Key Congo Opposition Leader Is Excluded as Candidate in Vote

(Bloomberg) -- The Democratic Republic of Congo’s electoral commission confirmed opposition leader Jean-Pierre Bemba’s disqualification from this year’s presidential vote.

Bemba’s removal excludes two key figures from challenging President Joseph Kabila’s anointed successor in the Dec. 23 vote, after businessman-turned-politician Moise Katumbi was prevented from registering for the race. Congo, the world’s biggest cobalt miner hasn’t had a peaceful transition of power since it gained independence from Belgium in 1960.

Twenty-one of the 26 candidates who registered last month were authorized to run in the election, including Emmanuel Ramazani Shadary, the head of Kabila’s political party and the nominee of the ruling coalition. From the ranks of the opposition, the best established contenders are Felix Tshisekedi, leader of Congo’s largest opposition party, and Vital Kamerhe, who finished third in the last election in 2011.

“The country will experience its first experience of a civilized handover,” Corneille Nangaa, the president of the commission, pledged to reporters at a briefing in the capital, Kinshasa.

War Crimes

Bemba, acquitted of war crimes by the International Criminal Court in June, was excluded by the commission, known as CENI, because of a second conviction by The Hague-based court for witness-tampering. The Constitutional Court upheld that decision on Sept. 4, after an appeal by Bemba’s party.

His unexpected return to Congo in August after a decade in detention briefly raised the possibility of him challenging for the presidency. Bemba served as vice president for three years from 2003 before he was defeated by Kabila in a 2006 election. Arrested in Belgium two years later, he was sentenced by the ICC to 18 years in prison for murders and rapes committed in the early 2000s in neighboring Central African Republic by fighters belonging to a Congolese rebel group he then led.

Katumbi, a onetime Kabila ally who has been in self-imposed exile for more than two years, was blocked by Congolese authorities in August from returning to the country to file his bid for the presidency.

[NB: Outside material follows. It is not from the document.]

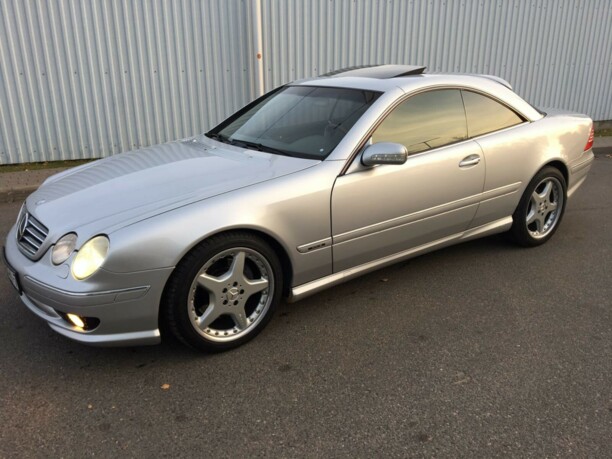 Mercedes-Benz CL C215, 2000 г.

An opinion poll published in July by New York University’s Congo Research Group found Katumbi and Tshisekedi would be the most popular candidates, each gaining 19 percent of the vote, two percentage points ahead of Bemba, who would come third.

Single Candidate

Opposition leaders including Bemba, Katumbi, Tshisekedi and Kamerhe said in a Sept. 12 statement Kabila’s “regime is aiming to organize a massive fraud to conserve power” and demanded the restoration of “excluded or invalidated candidates.” They plan to rally behind a single opposition challenger to maximize their chances of victory, according to the statement.

Kabila’s nomination of Shadary, a former interior minister under European Union sanctions for alleged human-rights abuses, ended months of speculation about whether the incumbent would seek to extend his 17-year rule and defy a two-term limit imposed by Congo’s constitution.

The election to find Kabila’s successor was supposed to take place in late 2016, but CENI failed to organize it on time. The president’s choice to remain in power beyond the end of his five-year term sparked sporadic protests, in which security forces killed dozens of people.